You know that things are going from bad to worse when the spin coming from the newspaper of record in Franco’s country* on the newly leaked files from the U.S. concentration camp in Guantánamo, Cuba, looks like it was written up by leftists in comparison to the NY Times version. Purely by accident I happened to read the El País version first, where I learned that some of those imprisoned at the camp were considered by their captors to have received explosives training based on nothing more than the fact that they wore Casio F91W wristwatches.
Which is absurd because the U.S. Army (the world’s original explosives trainers) knows perfectly well that real explosives experts like Posada Carriles and his fellow traveler Felix Rodríguez prefer Rolex’s, especially ones stolen from their murder victims. And then you also have to wonder, Casio F91W’s anyone? During the German occupation of Denmark, King Christian X was said to have responded to the German decree that all Jews wear yellow stars of David by donning one himself and encouraging all Danes to do the same. It’s an urban legend, but the fact that Danes helped most Jews escape to Sweden is not. The Casio F91W is an ugly little thing, but it’s cheap.
So then I went to see what the Times had to say about the Casios. Nothing actually.
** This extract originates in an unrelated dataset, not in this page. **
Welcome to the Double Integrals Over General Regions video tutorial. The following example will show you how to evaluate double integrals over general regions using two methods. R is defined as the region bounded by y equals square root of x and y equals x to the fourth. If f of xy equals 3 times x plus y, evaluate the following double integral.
But before looking up that story, I looked over the one where the Times gloats about undercutting Julian Assange’s business by getting its leaks elsewhere.
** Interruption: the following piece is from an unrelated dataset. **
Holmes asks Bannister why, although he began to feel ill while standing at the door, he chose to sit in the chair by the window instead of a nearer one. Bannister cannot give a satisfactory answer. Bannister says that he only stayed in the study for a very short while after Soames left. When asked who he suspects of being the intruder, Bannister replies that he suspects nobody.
[Wikileaks] has become such a large player in journalism that some of its secrets are no longer its own to control.
Can you imagine Times editor Bill Keller laughing maniacally while he
wrote dictated that?
Since it’s a well known fact that Assange prefers not to do business with the Times I wanted to see how they referred to their new source – who naturally no-one has mentioned suffering the same fate as Bradley Manning. As you’d expect, they were coy, but draw your own conclusions:
Unknown, at first, to the WikiLeaks partners, The Times had independently obtained the files from a source Mr. Keller would not name, and shared them with both The Guardian and NPR.
It’s true that there are only about half a million possible leakers but, State Department, anyone?
So then, on to the Times spin on the Guantánano files themselves.
Here are the first two sentences from the El País article (sorry but I’m not going to translate the whole thing):
A police and penal system without guarantees was created at Guantánamo in which only two questions mattered: how much information might be obtained from the prisoners, even though they might be innocent, and whether they might be dangerous in the future. Elderly men with senile dementia, adolescents, severe pyschiatric cases and teachers or farmers with no connection whatsoever to jihad were taken to the prison and mixed with real terrorists, such as those responsible for 9/11.
Compare the Times version:
A trove of more than 700 classified military documents provides new and detailed accounts of the men who have done time at the Guantánamo Bay prison in Cuba, and offers new insight into the evidence against the 172 men still locked up there.
Not until the end of the second paragraph do we learn:
the leaked files show why, by laying bare the patchwork and contradictory evidence that in many cases would never have stood up in criminal court or a military tribunal.
Some of the prisoners, the Times informs us, had violent thoughts!
One detainee said “he would like to tell his friends in Iraq to find the interrogator, slice him up, and make a shwarma (a type of sandwich) out of him, with the interrogator’s head sticking out of the end of the shwarma.”
Oh call me crazy, but considering that the Times preceded this revelation with another about interrogators leashing a prisoner like a dog, sexually humiliating him and forcing him to urinate on himself, a human shwarma revenge fantasy strikes me as not very unusual. Or newsworthy really.
Speaking of which…time for lunch.
*They say Franco’s dead and Spain’s better now, but I’m not so sure.